La normativa prohíbe que una misma entidad actúe al mismo tiempo como promotor y mánager, para evitar conflictos de intereses que perjudiquen al púgil. También obliga a una total transparencia en los contratos y en la distribución de las bolsas.
En el caso de Andy Cruz, su equipo legal sostiene que New Champions Promotions violó esa disposición al reclamar comisiones como si fuera mánager, sin estar registrada como tal, lo que invalidaría el acuerdo.
Los pagos bajo sospecha
Matchroom pagó al cubano cerca de 500.000 dólares entre bonos de firma y bolsas de combate. Sin embargo, Cruz sostiene que NCP retuvo más de 100.000 dólares, alegando un 25 % de comisión que no aparece en ninguna cláusula contractual.
Situación actual y consecuencias deportivas
El litigio continúa en los tribunales de California. El equipo del púgil busca recuperar los fondos y, además, obtener una declaración judicial que lo libere de cualquier obligación contractual con NCP.
La disputa llega en un momento clave de la carrera de Cruz, que hasta ahora se mantenía activo bajo el paraguas de Matchroom Boxing.

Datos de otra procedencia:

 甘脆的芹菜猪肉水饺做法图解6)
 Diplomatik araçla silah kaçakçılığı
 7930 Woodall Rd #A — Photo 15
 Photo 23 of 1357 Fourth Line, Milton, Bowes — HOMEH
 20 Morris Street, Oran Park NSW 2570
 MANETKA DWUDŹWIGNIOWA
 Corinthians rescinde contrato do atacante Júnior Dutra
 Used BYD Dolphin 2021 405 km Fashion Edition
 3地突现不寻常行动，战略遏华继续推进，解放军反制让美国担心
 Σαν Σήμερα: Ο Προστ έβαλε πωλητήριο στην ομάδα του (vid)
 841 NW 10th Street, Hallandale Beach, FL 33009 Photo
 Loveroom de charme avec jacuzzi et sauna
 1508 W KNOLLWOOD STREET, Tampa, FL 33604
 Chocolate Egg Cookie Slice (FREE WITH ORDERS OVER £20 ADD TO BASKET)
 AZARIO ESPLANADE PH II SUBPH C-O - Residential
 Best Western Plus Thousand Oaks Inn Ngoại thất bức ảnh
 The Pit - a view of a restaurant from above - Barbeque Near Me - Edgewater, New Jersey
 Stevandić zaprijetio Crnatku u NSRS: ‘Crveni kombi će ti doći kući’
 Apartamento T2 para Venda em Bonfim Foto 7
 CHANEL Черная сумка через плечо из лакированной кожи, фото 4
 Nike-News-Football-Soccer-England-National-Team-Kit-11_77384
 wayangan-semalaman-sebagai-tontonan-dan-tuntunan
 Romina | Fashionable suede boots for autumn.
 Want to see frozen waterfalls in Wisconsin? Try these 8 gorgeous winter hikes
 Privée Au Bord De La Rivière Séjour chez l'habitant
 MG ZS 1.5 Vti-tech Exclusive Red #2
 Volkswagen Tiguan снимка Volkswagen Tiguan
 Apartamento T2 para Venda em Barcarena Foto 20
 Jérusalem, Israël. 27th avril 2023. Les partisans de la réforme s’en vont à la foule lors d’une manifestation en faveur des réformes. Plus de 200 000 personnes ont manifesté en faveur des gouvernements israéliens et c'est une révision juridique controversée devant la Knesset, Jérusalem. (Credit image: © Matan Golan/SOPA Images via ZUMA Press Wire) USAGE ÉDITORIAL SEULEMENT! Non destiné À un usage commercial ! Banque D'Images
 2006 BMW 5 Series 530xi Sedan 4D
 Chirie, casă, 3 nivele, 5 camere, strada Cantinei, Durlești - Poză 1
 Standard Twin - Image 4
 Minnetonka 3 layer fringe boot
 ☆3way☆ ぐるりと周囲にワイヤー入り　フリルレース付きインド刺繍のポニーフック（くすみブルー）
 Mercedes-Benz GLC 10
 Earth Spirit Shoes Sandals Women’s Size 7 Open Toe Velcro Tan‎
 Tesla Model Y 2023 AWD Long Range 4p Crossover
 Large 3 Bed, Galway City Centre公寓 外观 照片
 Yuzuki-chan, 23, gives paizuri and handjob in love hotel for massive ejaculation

El conflicto podría condicionar su progresión hacia títulos mayores y su proyección internacional, mientras se resuelve en los juzgados.
Más allá de Andy Cruz
Lo que ocurre con Andy Cruz no es un caso aislado: el boxeo profesional arrastra desde hace décadas tensiones entre boxeadores y promotores por contratos poco claros, comisiones abusivas y luchas de poder. La aprobación de la Ali Act en el año 2000 buscó poner freno a esos abusos, pero su aplicación dista de ser perfecta y sigue generando litigios.
En ese contexto, la batalla legal de Cruz es también un recordatorio de que los grandes talentos sobre el ring muchas veces deben librar otra pelea fuera de él, en los despachos y tribunales, para defender lo más importante: el control de su propia carrera.